──────── Input records
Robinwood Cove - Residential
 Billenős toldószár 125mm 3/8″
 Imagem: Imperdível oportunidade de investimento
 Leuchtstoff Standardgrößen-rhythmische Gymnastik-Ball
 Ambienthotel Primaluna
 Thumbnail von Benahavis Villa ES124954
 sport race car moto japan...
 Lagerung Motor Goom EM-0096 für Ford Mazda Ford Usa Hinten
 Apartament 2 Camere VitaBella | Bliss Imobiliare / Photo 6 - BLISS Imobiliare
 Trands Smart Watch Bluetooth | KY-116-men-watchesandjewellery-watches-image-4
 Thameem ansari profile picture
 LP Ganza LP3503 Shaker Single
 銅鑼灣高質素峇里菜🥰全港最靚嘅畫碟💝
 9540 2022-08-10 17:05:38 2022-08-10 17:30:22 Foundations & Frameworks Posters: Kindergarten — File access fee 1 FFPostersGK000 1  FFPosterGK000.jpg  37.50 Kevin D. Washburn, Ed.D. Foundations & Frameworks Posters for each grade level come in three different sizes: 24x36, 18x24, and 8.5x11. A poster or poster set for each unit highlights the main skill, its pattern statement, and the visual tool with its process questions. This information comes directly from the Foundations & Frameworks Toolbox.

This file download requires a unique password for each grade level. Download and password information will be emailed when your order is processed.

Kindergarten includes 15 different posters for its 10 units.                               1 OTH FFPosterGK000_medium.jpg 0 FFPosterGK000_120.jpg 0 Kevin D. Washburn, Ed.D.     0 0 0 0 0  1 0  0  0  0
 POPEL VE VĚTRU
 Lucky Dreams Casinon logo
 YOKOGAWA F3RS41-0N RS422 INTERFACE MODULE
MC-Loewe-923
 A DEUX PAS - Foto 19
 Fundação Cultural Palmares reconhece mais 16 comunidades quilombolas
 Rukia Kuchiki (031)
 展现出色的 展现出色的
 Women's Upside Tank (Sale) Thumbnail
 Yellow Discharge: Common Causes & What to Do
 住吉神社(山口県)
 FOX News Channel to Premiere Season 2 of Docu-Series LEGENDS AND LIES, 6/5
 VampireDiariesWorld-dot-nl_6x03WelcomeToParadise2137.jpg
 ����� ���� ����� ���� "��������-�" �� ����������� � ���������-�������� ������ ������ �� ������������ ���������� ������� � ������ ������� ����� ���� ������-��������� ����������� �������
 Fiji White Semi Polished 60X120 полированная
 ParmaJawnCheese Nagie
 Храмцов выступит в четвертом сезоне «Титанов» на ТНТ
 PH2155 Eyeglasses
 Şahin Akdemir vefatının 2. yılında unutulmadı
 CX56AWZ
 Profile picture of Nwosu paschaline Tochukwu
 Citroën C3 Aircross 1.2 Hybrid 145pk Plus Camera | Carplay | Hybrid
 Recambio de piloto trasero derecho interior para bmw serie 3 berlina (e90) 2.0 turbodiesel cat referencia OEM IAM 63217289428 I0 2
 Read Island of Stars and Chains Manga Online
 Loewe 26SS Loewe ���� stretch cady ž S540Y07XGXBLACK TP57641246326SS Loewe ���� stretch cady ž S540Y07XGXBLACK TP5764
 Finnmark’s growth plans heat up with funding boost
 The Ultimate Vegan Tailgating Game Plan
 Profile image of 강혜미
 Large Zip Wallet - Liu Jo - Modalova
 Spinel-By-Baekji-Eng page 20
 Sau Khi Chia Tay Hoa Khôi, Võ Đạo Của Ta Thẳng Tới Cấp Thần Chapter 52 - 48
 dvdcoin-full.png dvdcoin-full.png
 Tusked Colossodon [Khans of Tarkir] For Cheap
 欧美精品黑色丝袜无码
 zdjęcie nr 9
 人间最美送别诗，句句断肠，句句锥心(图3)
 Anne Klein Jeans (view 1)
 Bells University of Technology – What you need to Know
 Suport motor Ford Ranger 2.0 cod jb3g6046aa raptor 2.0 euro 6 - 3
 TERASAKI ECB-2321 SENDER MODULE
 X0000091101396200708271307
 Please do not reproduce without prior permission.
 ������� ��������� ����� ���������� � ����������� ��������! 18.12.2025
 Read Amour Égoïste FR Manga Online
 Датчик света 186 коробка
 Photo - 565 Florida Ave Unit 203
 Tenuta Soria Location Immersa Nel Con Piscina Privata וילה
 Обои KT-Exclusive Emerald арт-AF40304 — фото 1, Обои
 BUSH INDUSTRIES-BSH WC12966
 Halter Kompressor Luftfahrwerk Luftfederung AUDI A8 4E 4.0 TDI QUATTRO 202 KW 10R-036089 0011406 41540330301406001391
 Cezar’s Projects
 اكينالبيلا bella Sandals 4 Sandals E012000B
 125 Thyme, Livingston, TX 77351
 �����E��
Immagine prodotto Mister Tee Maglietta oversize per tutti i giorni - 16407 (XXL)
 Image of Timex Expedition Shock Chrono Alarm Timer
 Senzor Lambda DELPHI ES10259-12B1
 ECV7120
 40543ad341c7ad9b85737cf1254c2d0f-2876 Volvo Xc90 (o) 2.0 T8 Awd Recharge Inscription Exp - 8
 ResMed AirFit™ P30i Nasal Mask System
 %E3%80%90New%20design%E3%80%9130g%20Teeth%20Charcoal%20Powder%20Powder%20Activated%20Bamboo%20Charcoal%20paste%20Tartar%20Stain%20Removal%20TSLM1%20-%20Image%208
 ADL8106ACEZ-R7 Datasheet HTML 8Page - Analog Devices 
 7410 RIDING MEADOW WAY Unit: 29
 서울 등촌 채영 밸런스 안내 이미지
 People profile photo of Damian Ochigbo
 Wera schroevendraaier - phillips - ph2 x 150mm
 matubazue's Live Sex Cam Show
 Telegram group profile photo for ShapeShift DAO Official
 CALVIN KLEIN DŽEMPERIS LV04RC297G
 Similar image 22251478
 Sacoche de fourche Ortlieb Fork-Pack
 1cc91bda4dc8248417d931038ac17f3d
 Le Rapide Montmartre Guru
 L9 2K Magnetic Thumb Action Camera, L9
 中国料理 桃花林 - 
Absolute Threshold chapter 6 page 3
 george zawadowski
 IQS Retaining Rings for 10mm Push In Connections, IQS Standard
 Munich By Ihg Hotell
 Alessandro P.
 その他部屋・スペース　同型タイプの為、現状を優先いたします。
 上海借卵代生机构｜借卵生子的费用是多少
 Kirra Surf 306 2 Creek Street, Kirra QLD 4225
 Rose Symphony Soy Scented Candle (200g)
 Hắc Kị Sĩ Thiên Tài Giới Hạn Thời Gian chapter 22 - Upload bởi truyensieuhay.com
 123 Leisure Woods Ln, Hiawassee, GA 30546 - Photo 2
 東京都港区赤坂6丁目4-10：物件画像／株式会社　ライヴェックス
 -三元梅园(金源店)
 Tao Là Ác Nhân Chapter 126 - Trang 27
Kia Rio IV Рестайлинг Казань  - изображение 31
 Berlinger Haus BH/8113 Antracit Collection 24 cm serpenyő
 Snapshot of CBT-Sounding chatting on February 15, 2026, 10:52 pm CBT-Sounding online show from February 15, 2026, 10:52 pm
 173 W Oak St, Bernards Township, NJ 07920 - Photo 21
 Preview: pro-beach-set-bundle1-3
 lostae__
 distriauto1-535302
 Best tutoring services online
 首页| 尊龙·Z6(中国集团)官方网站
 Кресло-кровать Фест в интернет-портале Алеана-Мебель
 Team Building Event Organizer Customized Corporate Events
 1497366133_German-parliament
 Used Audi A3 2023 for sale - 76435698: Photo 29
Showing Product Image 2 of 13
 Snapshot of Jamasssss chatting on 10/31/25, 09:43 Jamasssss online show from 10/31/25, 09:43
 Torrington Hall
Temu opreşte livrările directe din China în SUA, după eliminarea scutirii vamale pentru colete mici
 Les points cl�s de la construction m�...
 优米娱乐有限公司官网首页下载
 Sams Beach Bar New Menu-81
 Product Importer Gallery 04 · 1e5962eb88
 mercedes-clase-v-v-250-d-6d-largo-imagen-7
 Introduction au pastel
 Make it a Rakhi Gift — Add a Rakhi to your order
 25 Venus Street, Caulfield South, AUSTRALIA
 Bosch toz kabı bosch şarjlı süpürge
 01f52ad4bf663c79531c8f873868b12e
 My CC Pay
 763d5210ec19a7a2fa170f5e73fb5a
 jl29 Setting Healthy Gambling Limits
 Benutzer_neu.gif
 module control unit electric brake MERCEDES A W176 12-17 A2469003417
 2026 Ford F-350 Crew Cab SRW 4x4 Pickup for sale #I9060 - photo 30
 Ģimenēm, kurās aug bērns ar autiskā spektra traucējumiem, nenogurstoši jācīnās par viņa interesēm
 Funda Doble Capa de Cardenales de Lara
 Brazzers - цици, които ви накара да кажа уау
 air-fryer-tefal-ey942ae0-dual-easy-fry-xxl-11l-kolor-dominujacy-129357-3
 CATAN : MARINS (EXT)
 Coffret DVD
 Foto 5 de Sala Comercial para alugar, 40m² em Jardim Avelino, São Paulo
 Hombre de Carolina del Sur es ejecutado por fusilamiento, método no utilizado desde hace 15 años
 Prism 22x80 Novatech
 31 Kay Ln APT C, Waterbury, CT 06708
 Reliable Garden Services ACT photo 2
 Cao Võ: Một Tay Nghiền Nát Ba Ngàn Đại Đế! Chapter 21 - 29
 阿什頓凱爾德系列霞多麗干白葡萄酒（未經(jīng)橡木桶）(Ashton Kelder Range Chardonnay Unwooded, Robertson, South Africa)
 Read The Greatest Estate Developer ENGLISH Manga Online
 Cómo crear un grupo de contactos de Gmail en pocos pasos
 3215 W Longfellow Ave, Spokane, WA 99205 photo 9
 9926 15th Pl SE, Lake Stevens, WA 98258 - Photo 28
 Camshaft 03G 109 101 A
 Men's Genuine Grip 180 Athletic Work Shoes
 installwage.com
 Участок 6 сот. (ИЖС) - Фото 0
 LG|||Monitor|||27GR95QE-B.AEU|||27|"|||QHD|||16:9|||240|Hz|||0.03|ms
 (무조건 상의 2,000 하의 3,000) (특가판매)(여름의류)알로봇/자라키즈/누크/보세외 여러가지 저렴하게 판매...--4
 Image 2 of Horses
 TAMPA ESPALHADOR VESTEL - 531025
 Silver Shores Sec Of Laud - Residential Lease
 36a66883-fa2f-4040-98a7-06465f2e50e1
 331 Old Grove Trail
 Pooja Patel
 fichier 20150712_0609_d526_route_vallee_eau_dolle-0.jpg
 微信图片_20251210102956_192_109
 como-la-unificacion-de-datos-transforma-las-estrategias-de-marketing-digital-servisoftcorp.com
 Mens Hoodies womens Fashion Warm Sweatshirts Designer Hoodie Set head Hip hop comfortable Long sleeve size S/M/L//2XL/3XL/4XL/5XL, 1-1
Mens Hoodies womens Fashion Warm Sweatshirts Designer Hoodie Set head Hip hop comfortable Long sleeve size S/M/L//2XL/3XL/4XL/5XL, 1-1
────────────────
■ **What this task involves**:
Please give an exact copy of the entries above, from the line with "Датчик света 186 коробка" down to the line with "Immagine prodotto Mister", inclusive, and nothing else.

■ **Response area**:
 Датчик света 186 коробка
 Photo - 565 Florida Ave Unit 203
 Tenuta Soria Location Immersa Nel Con Piscina Privata וילה
 Обои KT-Exclusive Emerald арт-AF40304 — фото 1, Обои
 BUSH INDUSTRIES-BSH WC12966
 Halter Kompressor Luftfahrwerk Luftfederung AUDI A8 4E 4.0 TDI QUATTRO 202 KW 10R-036089 0011406 41540330301406001391
 Cezar’s Projects
 اكينالبيلا bella Sandals 4 Sandals E012000B
 125 Thyme, Livingston, TX 77351
 �����E��
Immagine prodotto Mister Tee Maglietta oversize per tutti i giorni - 16407 (XXL)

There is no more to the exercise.